▸ INSTRUCTIONS FOR THE TASK
Starting at the top of the entries, restate word for word each line up to and including the one with "Table 3.9. The".

◇ ◇ ◇ ◇ ◇

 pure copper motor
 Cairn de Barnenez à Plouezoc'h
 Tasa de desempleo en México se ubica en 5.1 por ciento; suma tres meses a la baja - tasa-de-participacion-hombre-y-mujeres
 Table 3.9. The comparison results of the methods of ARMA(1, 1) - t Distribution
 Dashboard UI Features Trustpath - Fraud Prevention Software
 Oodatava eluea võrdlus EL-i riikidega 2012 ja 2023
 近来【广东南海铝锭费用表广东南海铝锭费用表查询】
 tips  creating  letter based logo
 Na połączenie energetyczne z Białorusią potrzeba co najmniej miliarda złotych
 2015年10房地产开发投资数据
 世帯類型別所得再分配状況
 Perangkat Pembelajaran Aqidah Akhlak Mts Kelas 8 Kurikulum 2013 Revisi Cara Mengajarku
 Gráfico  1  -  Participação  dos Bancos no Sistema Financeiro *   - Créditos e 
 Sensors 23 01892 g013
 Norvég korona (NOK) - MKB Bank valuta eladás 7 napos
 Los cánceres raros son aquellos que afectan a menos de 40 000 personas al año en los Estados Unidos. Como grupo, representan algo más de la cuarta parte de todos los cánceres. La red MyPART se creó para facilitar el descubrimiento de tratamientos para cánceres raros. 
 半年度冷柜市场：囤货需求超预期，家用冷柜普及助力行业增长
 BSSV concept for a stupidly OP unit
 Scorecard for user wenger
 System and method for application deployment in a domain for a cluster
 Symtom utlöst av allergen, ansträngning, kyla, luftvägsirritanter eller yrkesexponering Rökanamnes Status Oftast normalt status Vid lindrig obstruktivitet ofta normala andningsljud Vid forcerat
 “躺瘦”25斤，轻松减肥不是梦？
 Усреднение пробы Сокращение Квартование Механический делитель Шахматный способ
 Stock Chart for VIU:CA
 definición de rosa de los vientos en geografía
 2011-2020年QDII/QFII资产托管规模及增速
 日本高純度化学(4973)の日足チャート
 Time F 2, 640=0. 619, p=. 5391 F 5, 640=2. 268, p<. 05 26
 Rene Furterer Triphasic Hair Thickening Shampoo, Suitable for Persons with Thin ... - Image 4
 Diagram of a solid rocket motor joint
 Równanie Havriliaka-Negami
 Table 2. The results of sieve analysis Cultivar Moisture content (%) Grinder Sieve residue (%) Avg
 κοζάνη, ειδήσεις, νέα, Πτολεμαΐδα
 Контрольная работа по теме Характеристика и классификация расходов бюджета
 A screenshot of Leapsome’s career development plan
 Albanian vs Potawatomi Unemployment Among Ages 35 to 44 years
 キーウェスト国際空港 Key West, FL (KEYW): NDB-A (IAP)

◇ ◇ ◇ ◇ ◇

▸ FINAL ANSWER
 pure copper motor
 Cairn de Barnenez à Plouezoc'h
 Tasa de desempleo en México se ubica en 5.1 por ciento; suma tres meses a la baja - tasa-de-participacion-hombre-y-mujeres
 Table 3.9. The comparison results of the methods of ARMA(1, 1) - t Distribution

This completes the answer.